- Opening Delimiter -

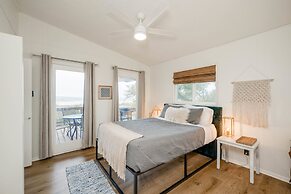 4 3 two King Beds Perfect Sunset Lake Views Pickleball Fire pit Lvl2 E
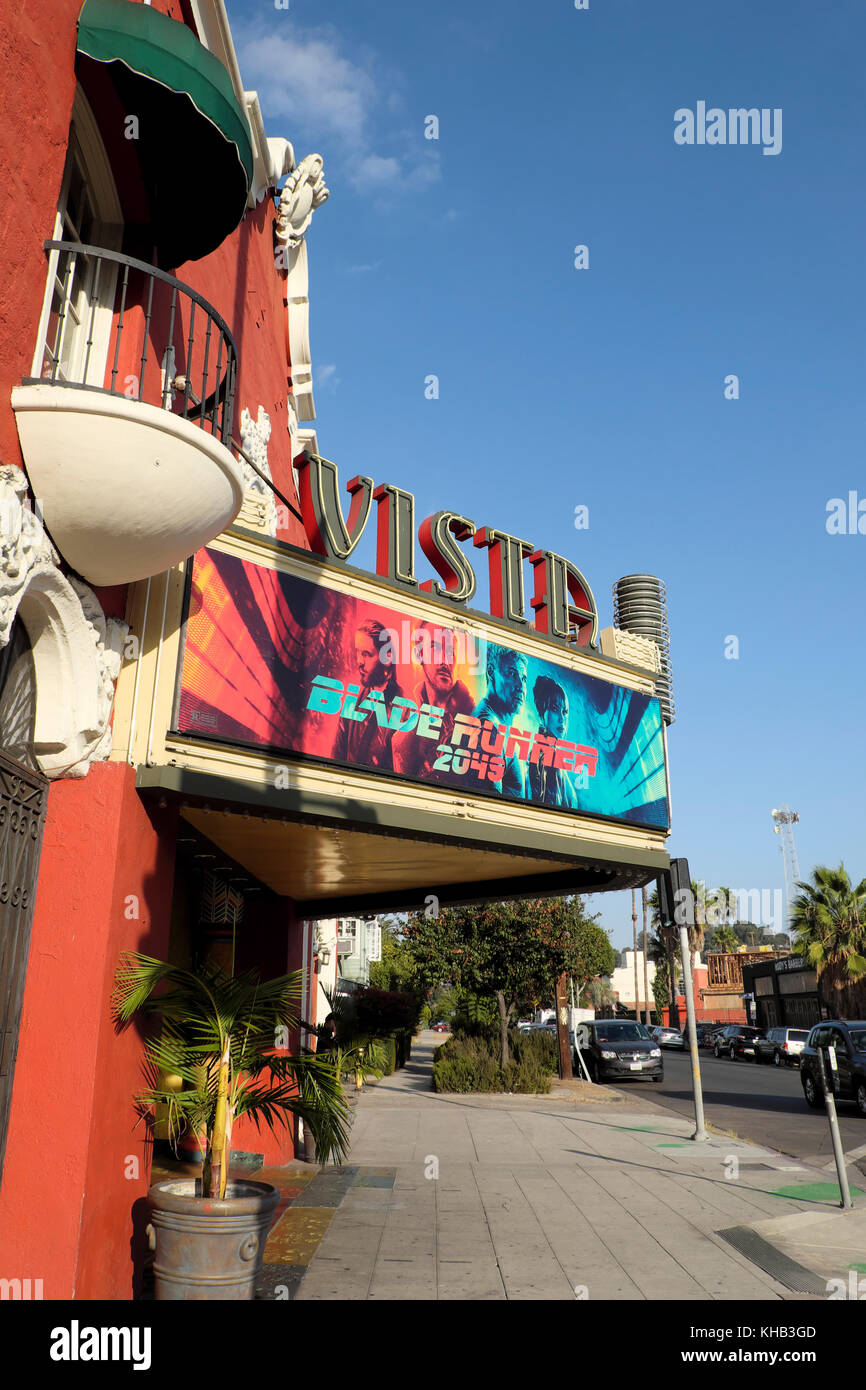 Blade Runner 2049 Film Zeichen außerhalb des historischen Vista Theater Cinema Gebäude auf dem Hollywood und dem Sunset Boulevard, Kalifornien, USA KATHY DEWITT Stockfoto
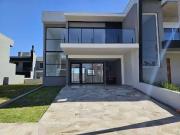 Casa / Sobrado em Condomínio para Venda em...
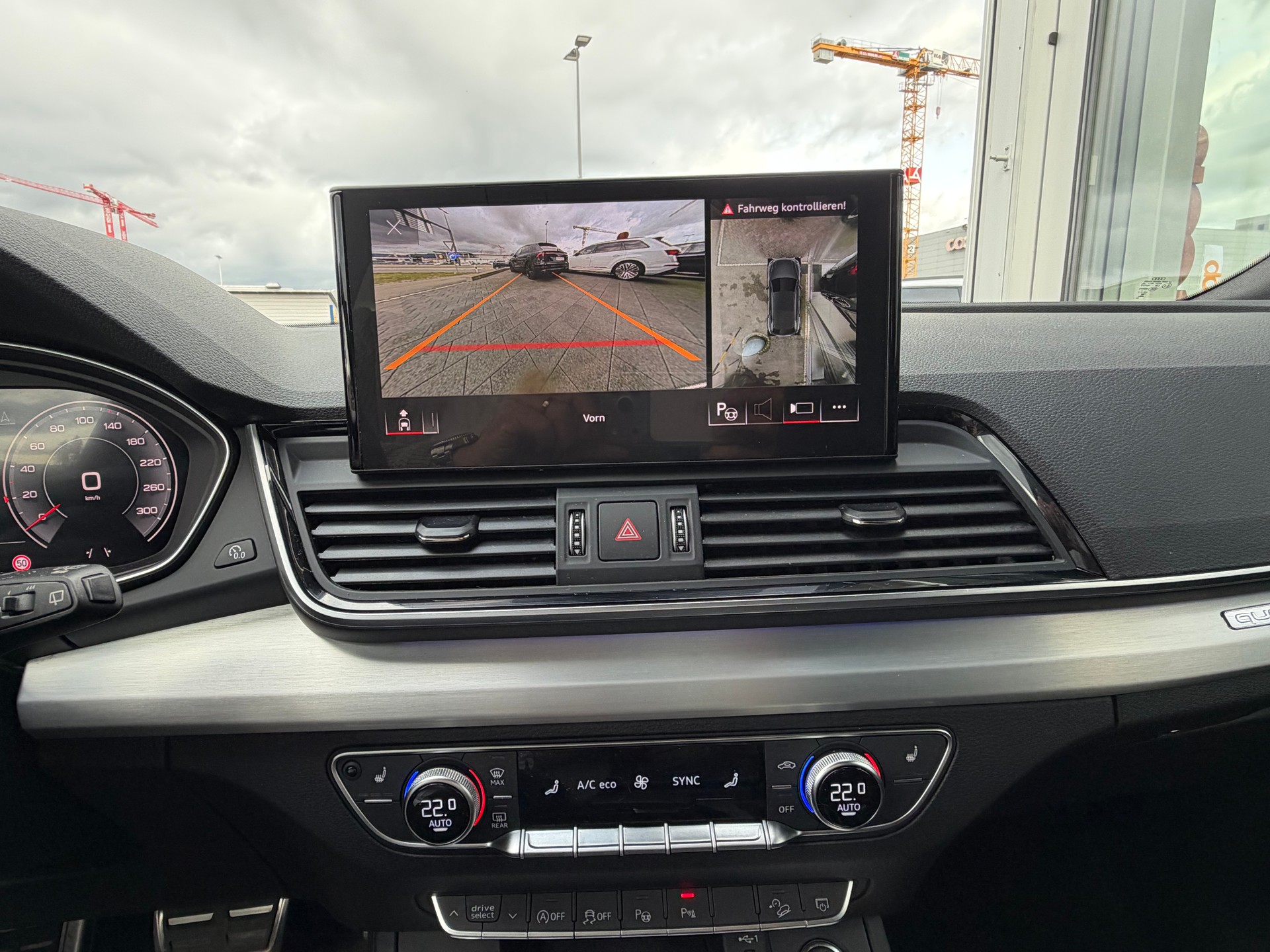 AUDI Q5 40 TDI Black Edition quattro S-tronic-image-24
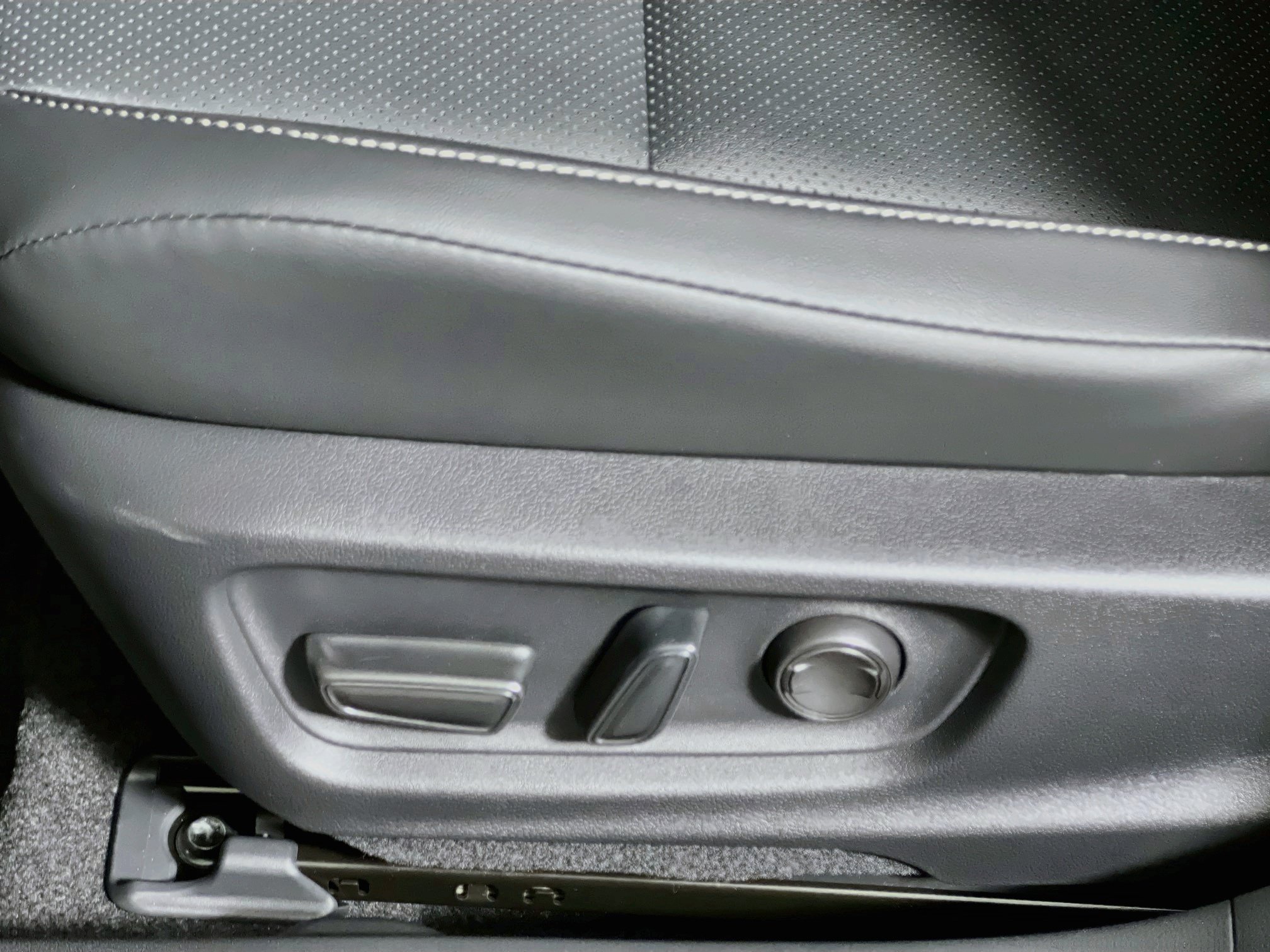 New 2027 Toyota Prius FWD image 15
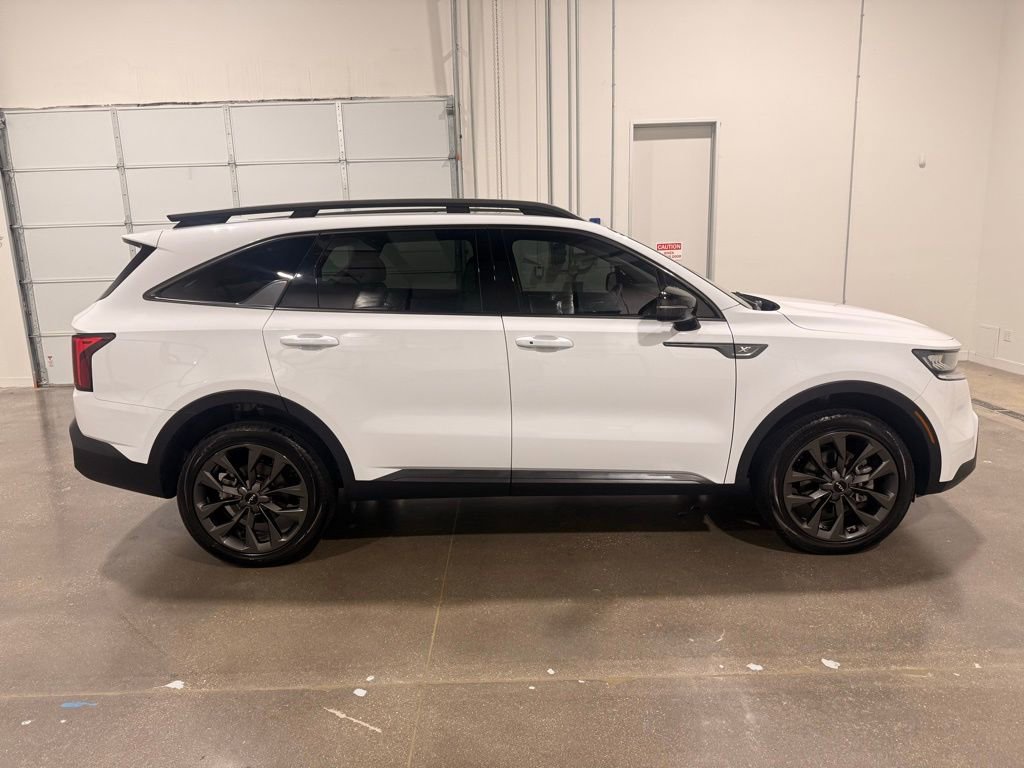 Used 2023 Kia Sorento X-Line EX image 4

- Closing Delimiter -

## TASK TO CARRY OUT
Put down exactly the lines of the data above that run from its first line through the line bearing "Casa / Sobrado", and no pictures.

## EXERCISE RESULT
 4 3 two King Beds Perfect Sunset Lake Views Pickleball Fire pit Lvl2 E
 Blade Runner 2049 Film Zeichen außerhalb des historischen Vista Theater Cinema Gebäude auf dem Hollywood und dem Sunset Boulevard, Kalifornien, USA KATHY DEWITT Stockfoto
 Casa / Sobrado em Condomínio para Venda em...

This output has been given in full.